What needs to be done:
Leave the pictures out and print, word for word, the lines below from the one with "This is the" through the final line.

Input records:
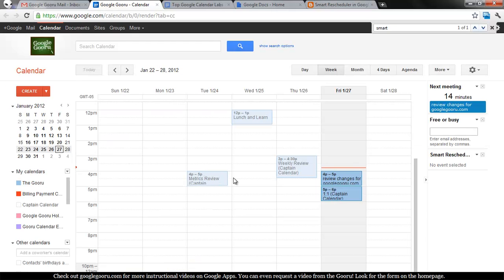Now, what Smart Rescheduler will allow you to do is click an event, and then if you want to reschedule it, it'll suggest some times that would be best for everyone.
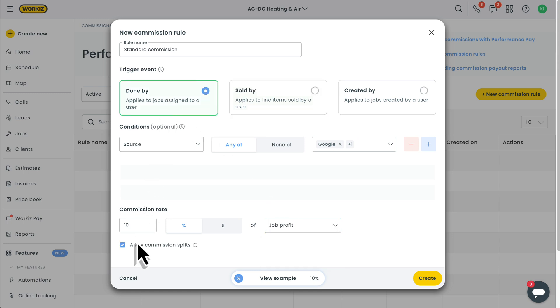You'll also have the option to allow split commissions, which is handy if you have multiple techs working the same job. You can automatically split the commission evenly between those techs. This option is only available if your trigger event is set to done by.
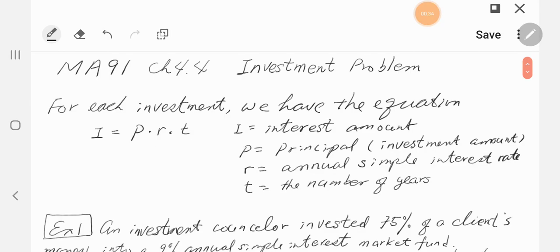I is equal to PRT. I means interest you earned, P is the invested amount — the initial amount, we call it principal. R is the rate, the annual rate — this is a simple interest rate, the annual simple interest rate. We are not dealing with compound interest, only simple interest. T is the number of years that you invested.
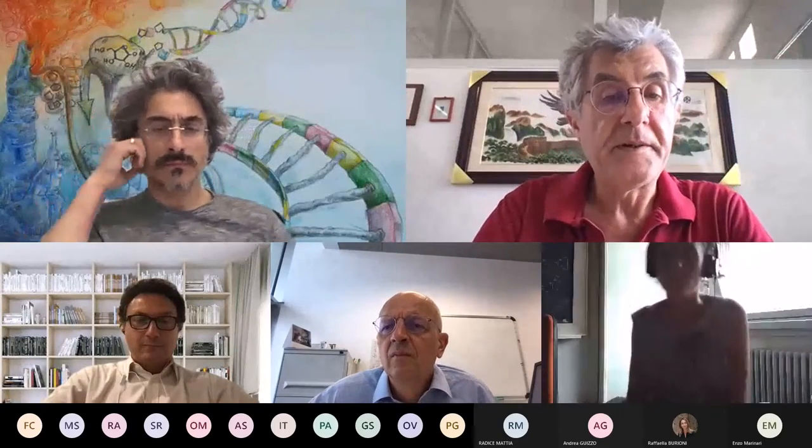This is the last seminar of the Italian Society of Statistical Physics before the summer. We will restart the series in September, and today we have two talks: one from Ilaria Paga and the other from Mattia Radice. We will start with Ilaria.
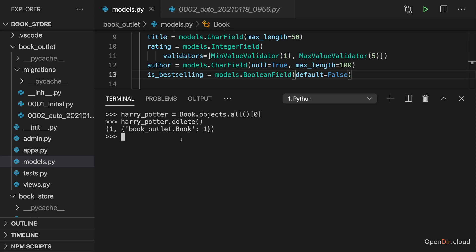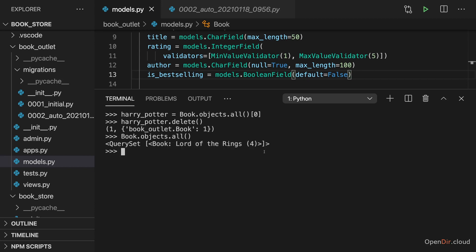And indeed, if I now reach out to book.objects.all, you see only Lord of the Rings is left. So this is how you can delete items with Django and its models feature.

Answer to this problem:
This is the last seminar of the Italian Society of Statistical Physics before the summer. We will restart the series in September, and today we have two talks: one from Ilaria Paga and the other from Mattia Radice. We will start with Ilaria.
And indeed, if I now reach out to book.objects.all, you see only Lord of the Rings is left. So this is how you can delete items with Django and its models feature.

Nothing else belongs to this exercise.